Recensione Noi due sconosciuti (2007)

Un film intenso che rappresenta con tragica poesia il dolore della perdita e il viaggio catartico per riuscirne a sopravvivere.

Oltre le lacrime

Oltre il fuoco (Things we lost in the fire è il titolo originale) è il Bildungsroman di due emotività distrutte dalla sofferenza, che dopo la morte di una persona amata e si trovano inaspettatamente insieme nel percorso di ricrescita per superare il lutto.
A dirigere quest'ambiziosa produzione hollywoodiana, la talentuosa regista danese di Dopo il matrimonio (candidato al premio Oscar come miglior film straniero), Susanne Bier, che si trova a lavorare con due stelle del cinema americano del calibro di Halle Berry (premio Oscar per Monster's Ball) e Benicio Del Toro (premio Oscar per Traffic).
La storia è costruita in modo originale, accostando la sofferenza di una donna, che ha perso suo marito e non riesce ad accettare la sua assenza, alla difficoltà di un tossicomane di superare la mancanza dell'eroina.

Il nodo da cui parte il racconto è la morte accidentale di Brian (David Duchovny, il famoso Mulder di X-Files), indivisibile compagno di vita di Audry (Halle Berry) e miglior e unico amico di Jerry (Benicio Del Toro). Lei rimane sola con due bambini da crescere, lui con la sua tossicodipendenza da affrontare. Entrambi senza più la persona che si prendeva cura di loro, appiglio vitale della loro esistenza.
Audry è completamente a terra e il suo istinto di sopravvivenza la spinge a ricercare aiuto nella persona più inaspettata: l'amico d'infanzia di Brian, drogato malvivente abbandonato a se stesso, che lei ha sempre odiato e respinto.
Sarà proprio in lui che la disperazione di questa donna troverà pace, sarà lo scontro faccia a faccia con il pericolo dell'autodistruzione e dell'abisso della droga che le darà la forza di ricominciare a vivere.
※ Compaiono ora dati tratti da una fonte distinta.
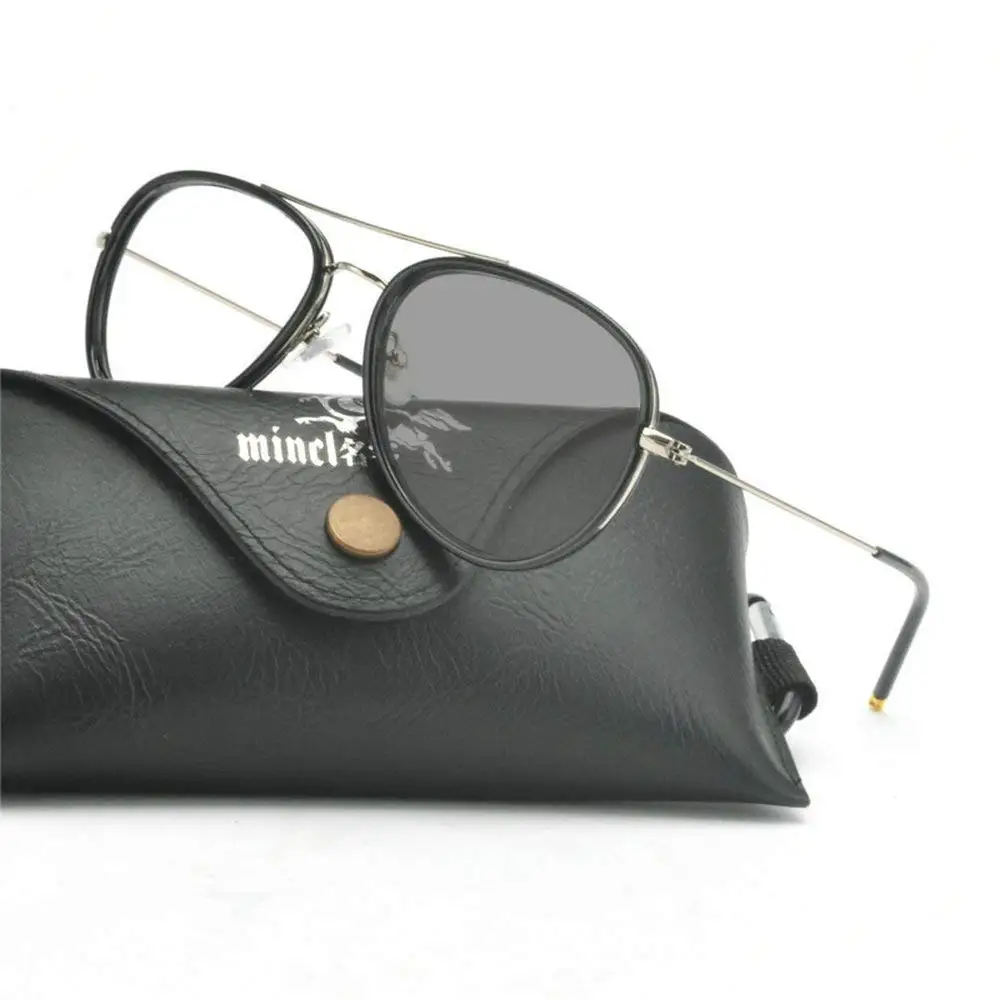 

Fashion Oversized Diopter reading glasses High-Quality Business Men Pilot Large Frame Photochromic Reading Glasses FML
Quando ogni cosa le sembra non avere più senso e la sola via d'uscita appare lasciarsi andare nell'oblio della sofferenza, sarà proprio chi viene fuori da un inferno ancora più profondo a dimostrare quanto conti la vita.
Audry ritrova la speranza aiutando Jerry a lottare contro la tossicodipendenza, scovando nella fragilità di un uomo senza niente da perdere, il potere di chi può dare tutto.
I due adorabili bambini scandiranno, con simpatica tenerezza e rivelatrice sincerità, il duro cammino verso la consapevolezza che la cosa più dura nel riuscire ad andare avanti senza la persona che si ama, non è solo il superare il male passato, ma l'accettare ciò che di buono può ancora darti la vita.
La Bier mantiene il suo inconfondibile stile personale: una creatività in libero movimento - come la camera a spalla che spesso utilizza - e un emozionante palpitare dell'immagine che riescono a comunicare allo stesso tempo un estremo realismo e una commovente intensità sentimentale.

Purtroppo, la continua ricerca poetica dell'immagine con la focalizzazione su piccoli particolari, il voler cogliere l'essenza espressiva della storia nella pioggia che cade, in una goccia d'acqua che scende dalla finestra, in un occhio che fissa il vuoto, risulta eccessiva e ridondante. Lo sforzo di elevazione estetica del film, con tutto il rispetto per il tentativo artistico della regista, risulta alla lunga pesante e noioso, una forzatura espressiva che riduce il linguaggio del racconto ad essere proprio quello che aveva cercato di evitare: retorico.

L'interpretazione di Halle Berry non è del tutto convincente: il suo disperarsi non è viscerale e sincero come quello di Benicio Del Toro. L'accostamento di questi due attori va certamente a discapito della bellissima Halle che, nemmeno con l'aiuto di profonde occhiaie riprese in primissimo piano, riesce a comunicare quell'espressività dolente che le era stata affidata.
Il bello di questa storia è che l'avvicinamento tra i due personaggi avviene in una tensione semi erotica che non sfocia mai in un atto sessuale. La loro vicinanza e dipendenza l'uno dall'altro, in questo tragico frangente della loro vita, è carnale ma non si risolve in un banale rapporto fisico: chapeau alla Bier.